If pictures appear in the lines below, skip them and copy exactly the lines from the one containing "SIRLOMU 1 Pièce" through the one containing "Double-sided round patch", and nothing else.

* [Records supplied]:
BEGIN

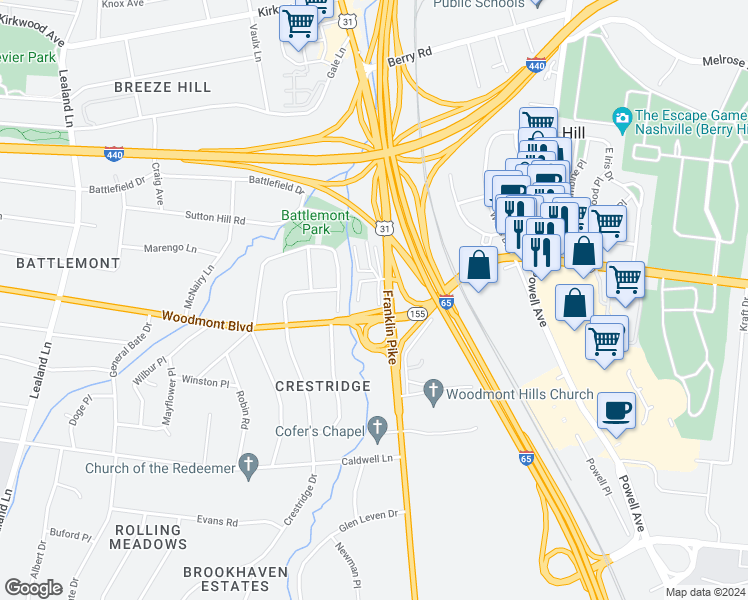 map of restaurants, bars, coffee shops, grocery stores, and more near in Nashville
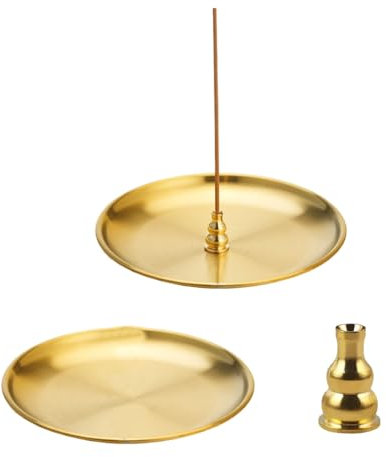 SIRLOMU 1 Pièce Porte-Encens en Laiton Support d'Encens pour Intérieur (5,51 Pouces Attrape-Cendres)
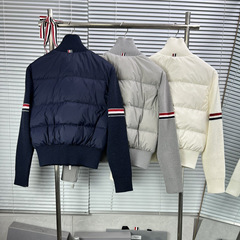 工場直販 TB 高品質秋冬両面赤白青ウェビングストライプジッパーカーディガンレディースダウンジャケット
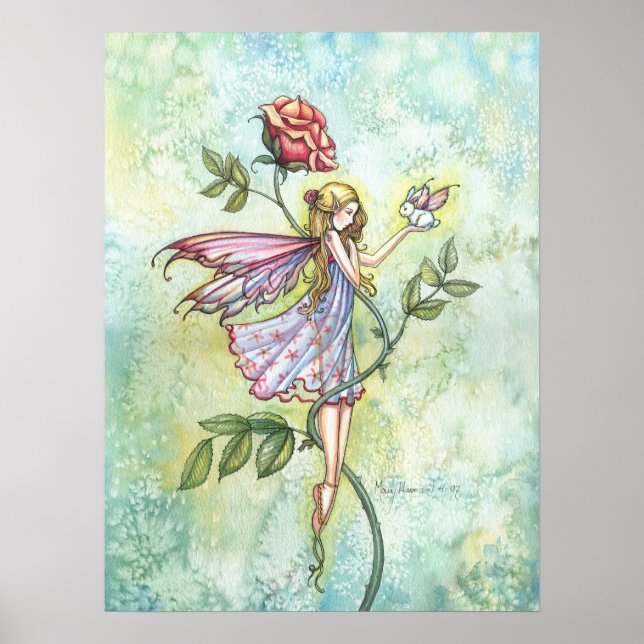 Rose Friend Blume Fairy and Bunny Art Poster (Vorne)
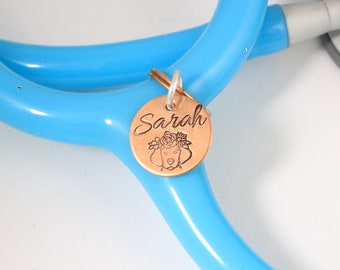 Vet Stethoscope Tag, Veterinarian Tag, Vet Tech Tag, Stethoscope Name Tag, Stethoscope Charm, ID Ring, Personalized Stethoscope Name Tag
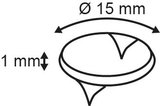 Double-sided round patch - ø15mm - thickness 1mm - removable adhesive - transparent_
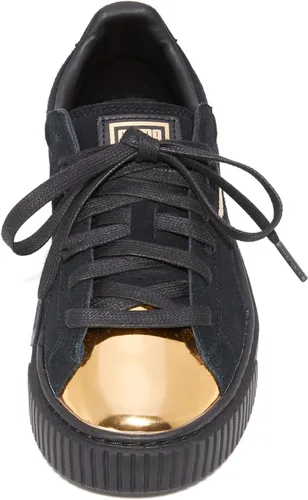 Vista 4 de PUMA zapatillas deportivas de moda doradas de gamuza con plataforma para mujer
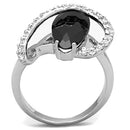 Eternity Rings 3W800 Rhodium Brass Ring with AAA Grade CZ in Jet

END
BEGIN

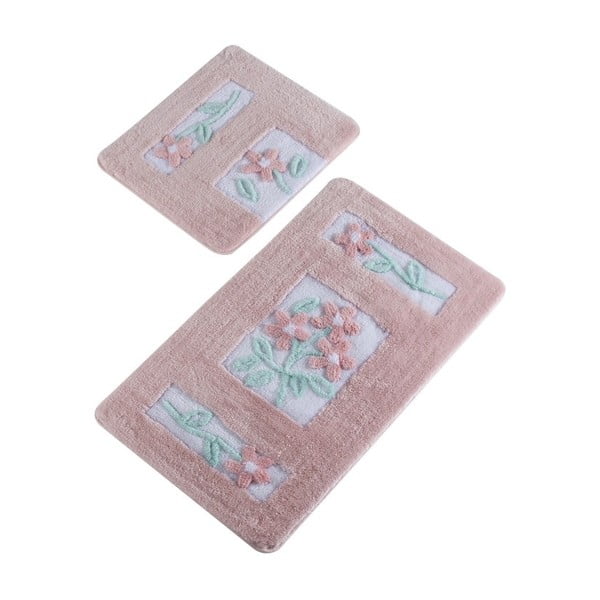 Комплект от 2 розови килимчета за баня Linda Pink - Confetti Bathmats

END

* [Your solution]:
 SIRLOMU 1 Pièce Porte-Encens en Laiton Support d'Encens pour Intérieur (5,51 Pouces Attrape-Cendres)
 工場直販 TB 高品質秋冬両面赤白青ウェビングストライプジッパーカーディガンレディースダウンジャケット
 Rose Friend Blume Fairy and Bunny Art Poster (Vorne)
 Vet Stethoscope Tag, Veterinarian Tag, Vet Tech Tag, Stethoscope Name Tag, Stethoscope Charm, ID Ring, Personalized Stethoscope Name Tag
 Double-sided round patch - ø15mm - thickness 1mm - removable adhesive - transparent_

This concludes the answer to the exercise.